Applicants shall submit the articles of incorporation in triplicate to the director.
[ 2017 c 61 § 2; 1997 c 397 § 6; 1994 c 256 § 71; 1994 c 92 § 179; 1984 c 31 § 7; ]
Persons applying for the organization of a credit union shall adopt bylaws that prescribe the manner in which the business of the credit union shall be conducted. The bylaws shall include:
The name of the credit union;
The field of membership of the credit union;
Reasonable qualifications for admission as a member of the credit union, and the procedures for expelling a member;
The number of directors and supervisory committee members, and the length of terms they serve and the permissible term length of any interim director or supervisory committee member;
Any qualification for eligibility to serve on the credit union's board or supervisory committee;
The number of credit union employees that may serve on the board, if any;
The frequency of regular meetings of the board and the supervisory committee, and the manner in which members of the board or supervisory committee will be notified of meetings;
The timing of the annual membership meeting;
The manner in which members may call a special membership meeting;
The manner in which members will be notified of membership meetings;
The number of members constituting a quorum at a membership meeting;
Provisions, if any, for the indemnification of directors, supervisory committee members, officers, employees, and others by the credit union, if not included in the articles of incorporation; and
Any other provision which is not inconsistent with this chapter.
Applicants shall submit the bylaws in duplicate to the director.
[ 2017 c 61 § 3; 2001 c 83 § 2; 1997 c 397 § 7; 1994 c 256 § 72; 1994 c 92 § 180; 1984 c 31 § 8; ]
When the proposed articles of incorporation and bylaws complying with the requirements of RCW 31.12.055 and 31.12.065 have been filed with the director, the director shall:
Determine whether the articles of incorporation and bylaws are consistent with this chapter; and
Determine the feasibility of the credit union, taking into account surrounding facts and circumstances influencing the successful operation of the credit union.
If the director is satisfied with the determinations made under subsection (1)(a) and (b) of this section, the director shall endorse each of the articles of incorporation "approved", indicate the date the approval was granted, and return two sets of articles and one set of bylaws to the applicants.
If the director is not satisfied with the determinations made under subsection (1)(a) and (b) of this section, the director shall endorse each of the articles of incorporation "denied," indicate the date of, and reasons for, the denial, and return two copies of the articles of incorporation with one copy of the bylaws to the person from whom they were received. The director shall at the time of returning the copies of the articles of incorporation and bylaws, also provide notice to the applicant of the applicant's right to appeal the denial under chapter 34.05 RCW. The denial is conclusive unless the applicant requests a hearing under chapter 34.05 RCW.
[ 1997 c 397 § 8; 1994 c 92 § 181; 1984 c 31 § 9; ]

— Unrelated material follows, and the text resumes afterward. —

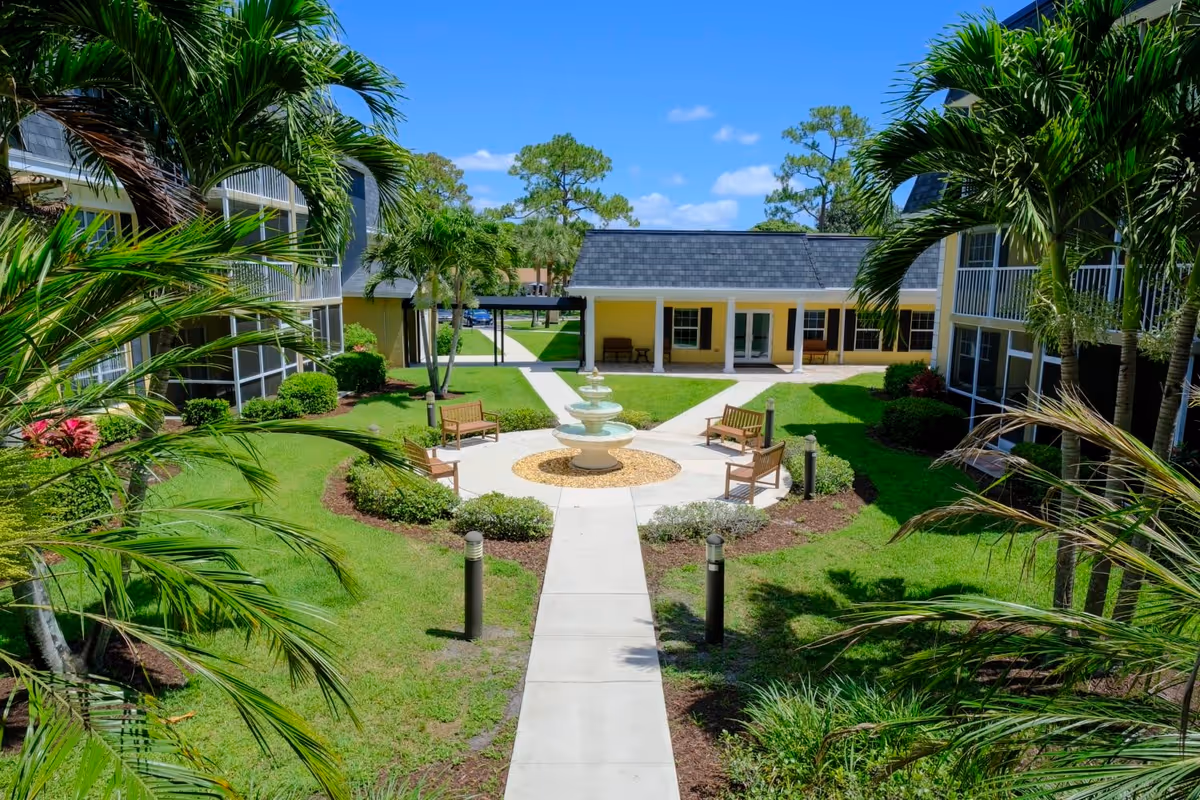 Sunlit courtyard with a central fountain, benches, palm trees and surrounding two-story buildings.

Upon approval under RCW 31.12.075(2), the director shall deliver a copy of the articles of incorporation to the secretary of state for filing. Upon receipt of the approved articles of incorporation provided by the applicants, and the secretary of state filing fee paid by the department, the secretary of state shall file the articles of incorporation.
Upon filing of the approved articles of incorporation by the secretary of state, the persons named in the articles of incorporation and their successors may conduct business as a credit union, having the powers, duties, and obligations set forth in this chapter. A credit union may not conduct business until the articles have been filed by the secretary of state.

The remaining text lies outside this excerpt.